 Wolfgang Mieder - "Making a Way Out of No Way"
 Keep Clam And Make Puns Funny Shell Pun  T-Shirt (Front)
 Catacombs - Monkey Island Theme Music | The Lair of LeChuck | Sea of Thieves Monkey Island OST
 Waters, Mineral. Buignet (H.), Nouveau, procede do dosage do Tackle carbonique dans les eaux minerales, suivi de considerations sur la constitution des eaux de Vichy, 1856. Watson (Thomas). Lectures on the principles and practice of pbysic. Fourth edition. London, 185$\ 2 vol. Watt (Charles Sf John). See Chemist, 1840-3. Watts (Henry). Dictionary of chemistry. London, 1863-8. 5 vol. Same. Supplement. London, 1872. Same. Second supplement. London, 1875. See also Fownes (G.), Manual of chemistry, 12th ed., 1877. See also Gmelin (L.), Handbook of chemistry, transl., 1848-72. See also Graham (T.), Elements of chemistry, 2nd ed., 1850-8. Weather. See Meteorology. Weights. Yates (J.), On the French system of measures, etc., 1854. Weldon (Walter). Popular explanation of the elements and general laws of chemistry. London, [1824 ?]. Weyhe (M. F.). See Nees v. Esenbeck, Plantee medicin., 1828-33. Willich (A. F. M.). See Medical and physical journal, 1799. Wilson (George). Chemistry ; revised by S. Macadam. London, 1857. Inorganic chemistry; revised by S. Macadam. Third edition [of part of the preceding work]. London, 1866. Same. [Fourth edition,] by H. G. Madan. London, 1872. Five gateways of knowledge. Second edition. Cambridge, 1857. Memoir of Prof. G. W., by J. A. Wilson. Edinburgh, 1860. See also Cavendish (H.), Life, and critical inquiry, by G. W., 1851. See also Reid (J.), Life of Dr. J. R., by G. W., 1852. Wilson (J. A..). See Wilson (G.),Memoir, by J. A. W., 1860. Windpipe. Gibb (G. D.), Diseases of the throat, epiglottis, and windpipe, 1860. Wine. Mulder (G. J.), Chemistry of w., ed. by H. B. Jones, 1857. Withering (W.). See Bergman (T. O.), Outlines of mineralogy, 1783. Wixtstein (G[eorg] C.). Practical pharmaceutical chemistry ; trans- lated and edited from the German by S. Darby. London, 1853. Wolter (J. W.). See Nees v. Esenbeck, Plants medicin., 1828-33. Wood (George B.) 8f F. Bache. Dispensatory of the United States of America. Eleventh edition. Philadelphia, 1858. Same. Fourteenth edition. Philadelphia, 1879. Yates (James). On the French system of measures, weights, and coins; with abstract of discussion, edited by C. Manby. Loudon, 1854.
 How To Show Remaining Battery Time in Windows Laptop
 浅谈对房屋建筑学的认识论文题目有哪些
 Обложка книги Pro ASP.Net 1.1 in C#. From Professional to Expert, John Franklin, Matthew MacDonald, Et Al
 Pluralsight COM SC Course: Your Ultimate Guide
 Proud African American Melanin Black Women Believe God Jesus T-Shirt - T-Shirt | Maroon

+--

=== DESCRIPTION OF THE TASK ===
Every entry above has to be returned exactly as written.

=== SOLVED EXERCISE ===
 Wolfgang Mieder - "Making a Way Out of No Way"
 Keep Clam And Make Puns Funny Shell Pun  T-Shirt (Front)
 Catacombs - Monkey Island Theme Music | The Lair of LeChuck | Sea of Thieves Monkey Island OST
 Waters, Mineral. Buignet (H.), Nouveau, procede do dosage do Tackle carbonique dans les eaux minerales, suivi de considerations sur la constitution des eaux de Vichy, 1856. Watson (Thomas). Lectures on the principles and practice of pbysic. Fourth edition. London, 185$\ 2 vol. Watt (Charles Sf John). See Chemist, 1840-3. Watts (Henry). Dictionary of chemistry. London, 1863-8. 5 vol. Same. Supplement. London, 1872. Same. Second supplement. London, 1875. See also Fownes (G.), Manual of chemistry, 12th ed., 1877. See also Gmelin (L.), Handbook of chemistry, transl., 1848-72. See also Graham (T.), Elements of chemistry, 2nd ed., 1850-8. Weather. See Meteorology. Weights. Yates (J.), On the French system of measures, etc., 1854. Weldon (Walter). Popular explanation of the elements and general laws of chemistry. London, [1824 ?]. Weyhe (M. F.). See Nees v. Esenbeck, Plantee medicin., 1828-33. Willich (A. F. M.). See Medical and physical journal, 1799. Wilson (George). Chemistry ; revised by S. Macadam. London, 1857. Inorganic chemistry; revised by S. Macadam. Third edition [of part of the preceding work]. London, 1866. Same. [Fourth edition,] by H. G. Madan. London, 1872. Five gateways of knowledge. Second edition. Cambridge, 1857. Memoir of Prof. G. W., by J. A. Wilson. Edinburgh, 1860. See also Cavendish (H.), Life, and critical inquiry, by G. W., 1851. See also Reid (J.), Life of Dr. J. R., by G. W., 1852. Wilson (J. A..). See Wilson (G.),Memoir, by J. A. W., 1860. Windpipe. Gibb (G. D.), Diseases of the throat, epiglottis, and windpipe, 1860. Wine. Mulder (G. J.), Chemistry of w., ed. by H. B. Jones, 1857. Withering (W.). See Bergman (T. O.), Outlines of mineralogy, 1783. Wixtstein (G[eorg] C.). Practical pharmaceutical chemistry ; trans- lated and edited from the German by S. Darby. London, 1853. Wolter (J. W.). See Nees v. Esenbeck, Plants medicin., 1828-33. Wood (George B.) 8f F. Bache. Dispensatory of the United States of America. Eleventh edition. Philadelphia, 1858. Same. Fourteenth edition. Philadelphia, 1879. Yates (James). On the French system of measures, weights, and coins; with abstract of discussion, edited by C. Manby. Loudon, 1854.
 How To Show Remaining Battery Time in Windows Laptop
 浅谈对房屋建筑学的认识论文题目有哪些
 Обложка книги Pro ASP.Net 1.1 in C#. From Professional to Expert, John Franklin, Matthew MacDonald, Et Al
 Pluralsight COM SC Course: Your Ultimate Guide
 Proud African American Melanin Black Women Believe God Jesus T-Shirt - T-Shirt | Maroon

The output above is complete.